Red wine does a body good—except for when it's slowly killing you. For every study that touts the health benefits of red wine, there's some buzzkill reminding us that booze is bad. The conflicting advice is so confusing it's dizzying, which can leave you feeling sorta drunk.
For starters, you may have heard about red wine being "heart healthy." That's because the flavonoids in red wine are believed to lower "bad" cholesterol and raise "good" cholesterol, which is supposed to prevent blocked arteries. It's has anticoagulant properties, which reduces blood clotting, but that only works while the wine is in your system, so in order to stave off a heart attack, you'd have to keep tossing 'em back. But then you're placed at a risk of the long-term effects of excessive alcohol use, which, ironically, includes cardiovascular problems.
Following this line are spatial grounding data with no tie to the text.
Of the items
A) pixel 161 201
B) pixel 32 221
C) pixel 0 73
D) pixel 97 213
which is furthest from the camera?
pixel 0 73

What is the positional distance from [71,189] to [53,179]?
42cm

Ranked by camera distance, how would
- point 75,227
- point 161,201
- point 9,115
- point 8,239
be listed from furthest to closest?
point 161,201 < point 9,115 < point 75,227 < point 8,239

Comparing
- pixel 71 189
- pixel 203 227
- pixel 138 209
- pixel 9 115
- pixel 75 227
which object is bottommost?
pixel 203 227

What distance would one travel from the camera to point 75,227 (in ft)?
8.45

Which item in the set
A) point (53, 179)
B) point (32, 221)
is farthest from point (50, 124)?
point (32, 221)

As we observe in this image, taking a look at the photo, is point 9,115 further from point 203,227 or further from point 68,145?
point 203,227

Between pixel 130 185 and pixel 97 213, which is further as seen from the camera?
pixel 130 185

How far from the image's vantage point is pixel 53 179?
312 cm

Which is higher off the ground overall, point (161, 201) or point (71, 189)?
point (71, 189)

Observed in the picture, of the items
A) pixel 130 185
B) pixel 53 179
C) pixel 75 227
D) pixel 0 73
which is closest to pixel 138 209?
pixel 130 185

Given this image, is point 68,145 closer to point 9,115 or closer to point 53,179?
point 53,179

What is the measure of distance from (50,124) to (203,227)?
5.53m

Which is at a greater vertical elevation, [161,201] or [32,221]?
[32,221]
Drinking red wine can extend a person's life, except for when it makes them die. The natural chemicals found in red wine are believed to help prevent Alzheimer's disease, but then again, wine consumption is linked to dementia.
Resveratrol, the magic ingredient responsible for most of the health benefits of red wine (the magical aspects of which have been greatly exaggerated), is thought to slow the aging process. But most people recognize that heavy drinking eventually leaves you looking old and gross.
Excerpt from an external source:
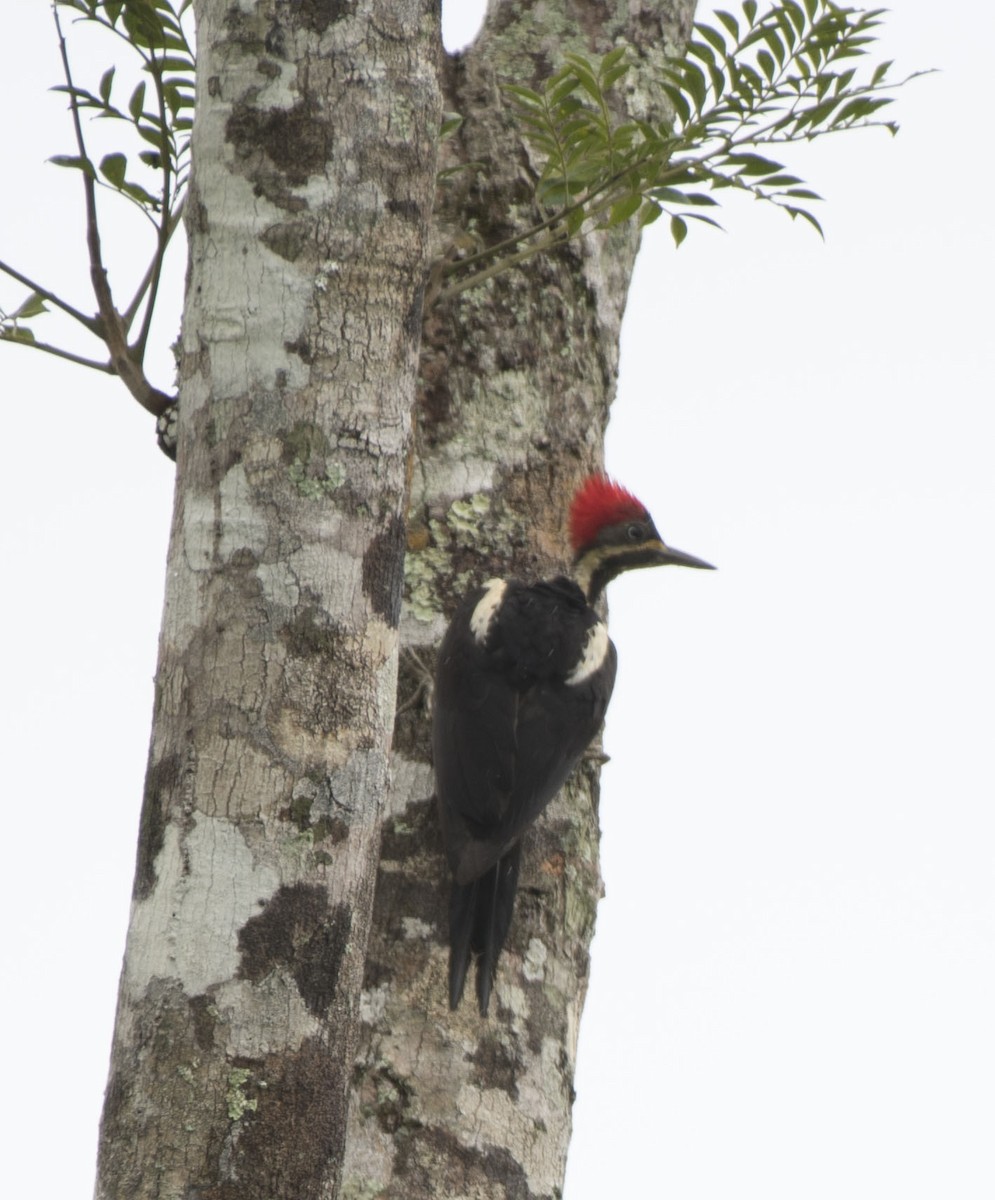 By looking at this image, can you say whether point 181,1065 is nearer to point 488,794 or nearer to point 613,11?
point 488,794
Speaking of magic and the way you look, red wine actually blocks fat cells from forming. The bummer with that, though, is that booze calories "count more" for moderate drinkers. Also, red wine could negate the health effects of exercise, so it doesn't seem like a very good weight loss plan. The compounds in red wine can prevent cavities and plaque buildup, but dentists warn that alcohol is super corrosive for your gums. And anybody who's looked in the mirror after a glass or four has been presented with the horror of wine teeth and chapped wine lips.
It also boosts the immune system, fights bacteria, works against retinal disease, and can increase bone mineral density. But heavy drinking, particularly at a young age, can put you at risk for developing osteoporosis later in life.
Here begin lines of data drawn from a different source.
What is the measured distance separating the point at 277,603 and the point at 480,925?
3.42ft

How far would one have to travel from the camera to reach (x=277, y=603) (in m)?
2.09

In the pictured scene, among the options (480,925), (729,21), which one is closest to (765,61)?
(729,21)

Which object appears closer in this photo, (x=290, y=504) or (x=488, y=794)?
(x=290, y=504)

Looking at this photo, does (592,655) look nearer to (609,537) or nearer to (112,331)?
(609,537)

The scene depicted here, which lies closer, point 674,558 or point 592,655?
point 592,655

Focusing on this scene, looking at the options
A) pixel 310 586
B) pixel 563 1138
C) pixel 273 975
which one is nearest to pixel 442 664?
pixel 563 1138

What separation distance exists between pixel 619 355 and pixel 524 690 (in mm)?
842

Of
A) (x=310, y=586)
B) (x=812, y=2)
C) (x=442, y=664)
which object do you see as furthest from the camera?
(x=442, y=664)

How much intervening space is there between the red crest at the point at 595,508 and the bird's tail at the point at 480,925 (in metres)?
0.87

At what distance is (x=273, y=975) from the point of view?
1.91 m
The compound in red wine might help treat some kinds of cancers, and red wine can be helpful in preventing bone cancer and breast cancer. Except that boozing is linked to breast cancer as well as mouth, throat, esophagus, liver, and colon cancer.
So how much is too much? At what point does wine turn from being healthy to unhealthy? Apparently, for women, it's one 5 oz glass per day. Men get to drink two glasses per day, which is bullshit.
If that depresses you, pour yourself a glass of pinot noir. People who drink a glass of red wine a day are less likely to be depressed. And if nothing else, just know that if you drink a lot of red wine, you're still less of a drunk than a white wine drinker.